DATA SUPPLIED ->
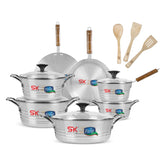 15 Pieces Aluminum Saffron Gift Pack Set – Glass Top | Durable Metal Finish Cookware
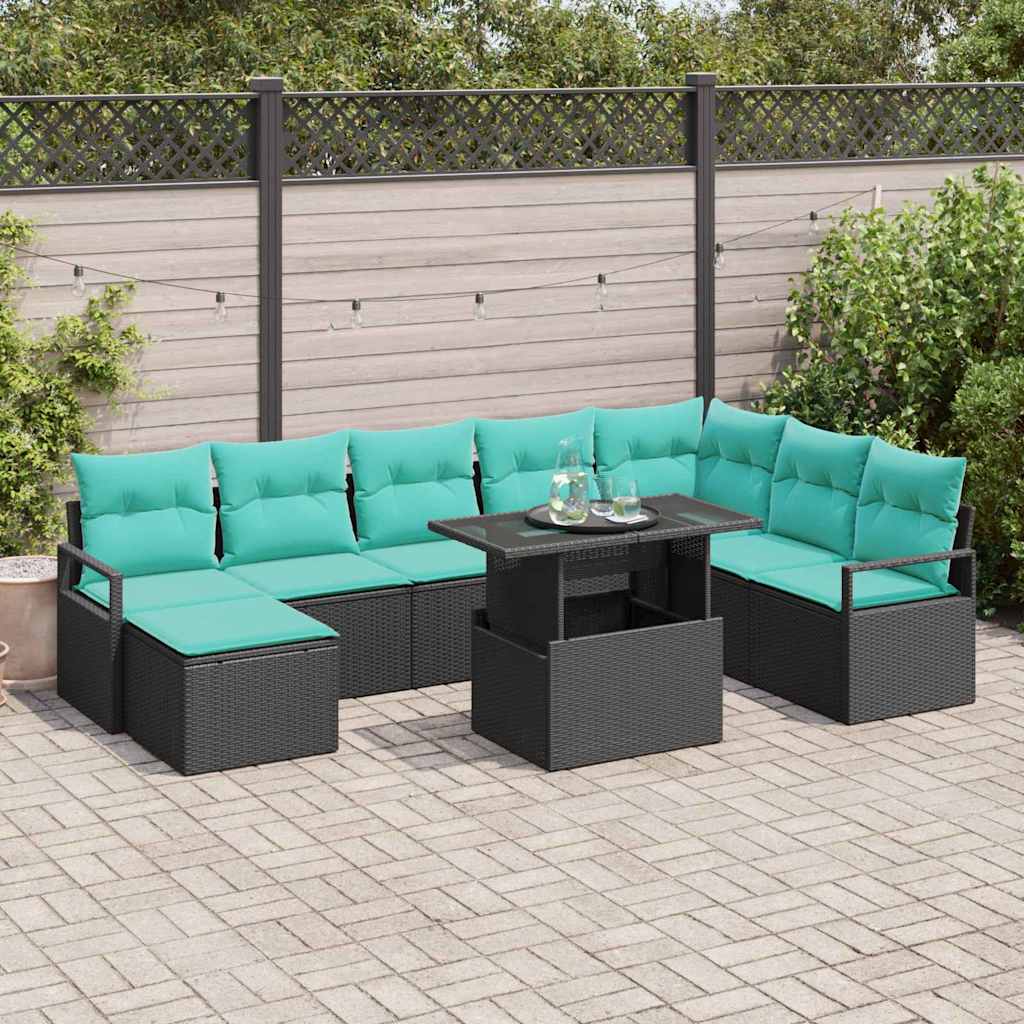 Garten-Sofa-Set mit Kissen mit Speicher 9 pcs Schwarz und blau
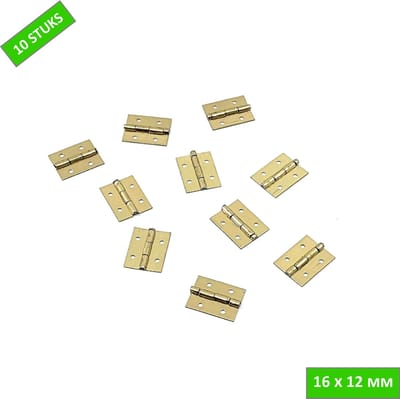 TQ4U naaikistscharnier - 16 x 12 mm - Vermessingd - 10 stuks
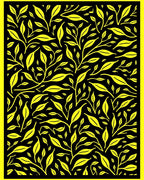 Vibrant Yellow Leafy Branch Pattern Rug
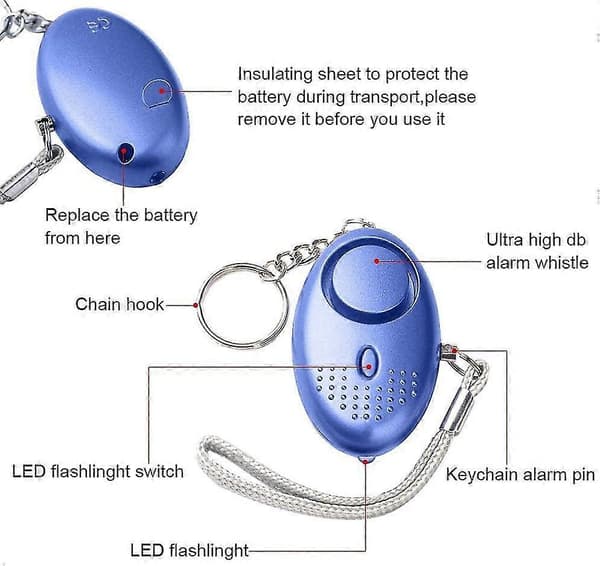 5-pack 140db Personal Security Alarm Keychain with LED Light, Personal Alarm [Db]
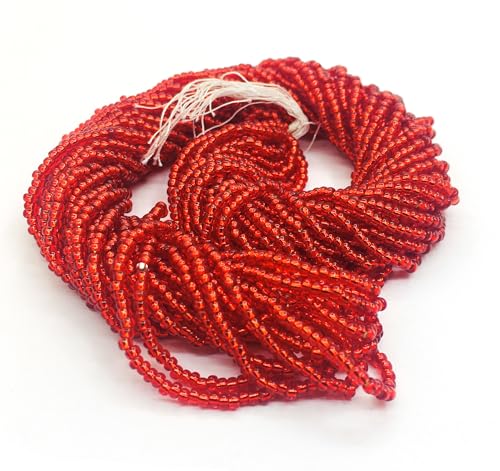 Perlin Seed Beads Native American Seed Beads Pony Beads Preciosa Ornela Czech 2 mm 9000 Pieces CZ 11/0 on Multiple Strands Red Silver Insert Round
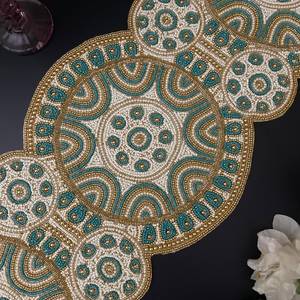 Bohemian Embroidered Oval <b>Table</b> <b>Runner</b> Fabric Handmade Decorative Mat with Teal and <b>Gold</b> Mandala Design - Product Image 3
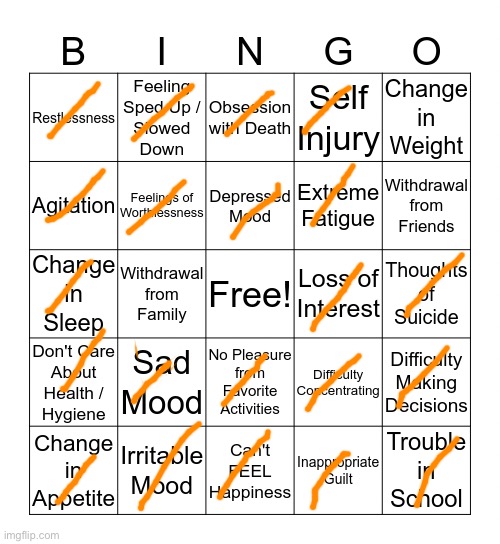 Idk is this bad or not? | image tagged in depression bingo 1,depression,sadness,bingo | made w/ Imgflip meme maker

YOUR ASSIGNMENT -> Nothing but the lines from the one containing "Garten-Sofa-Set mit Kissen" through the end of the listing is to be output, and those lines are to be output exactly, pictures excluded.

EXERCISE SOLUTION ->
 Garten-Sofa-Set mit Kissen mit Speicher 9 pcs Schwarz und blau
 TQ4U naaikistscharnier - 16 x 12 mm - Vermessingd - 10 stuks
 Vibrant Yellow Leafy Branch Pattern Rug
 5-pack 140db Personal Security Alarm Keychain with LED Light, Personal Alarm [Db]
 Perlin Seed Beads Native American Seed Beads Pony Beads Preciosa Ornela Czech 2 mm 9000 Pieces CZ 11/0 on Multiple Strands Red Silver Insert Round
 Bohemian Embroidered Oval <b>Table</b> <b>Runner</b> Fabric Handmade Decorative Mat with Teal and <b>Gold</b> Mandala Design - Product Image 3
 Idk is this bad or not? | image tagged in depression bingo 1,depression,sadness,bingo | made w/ Imgflip meme maker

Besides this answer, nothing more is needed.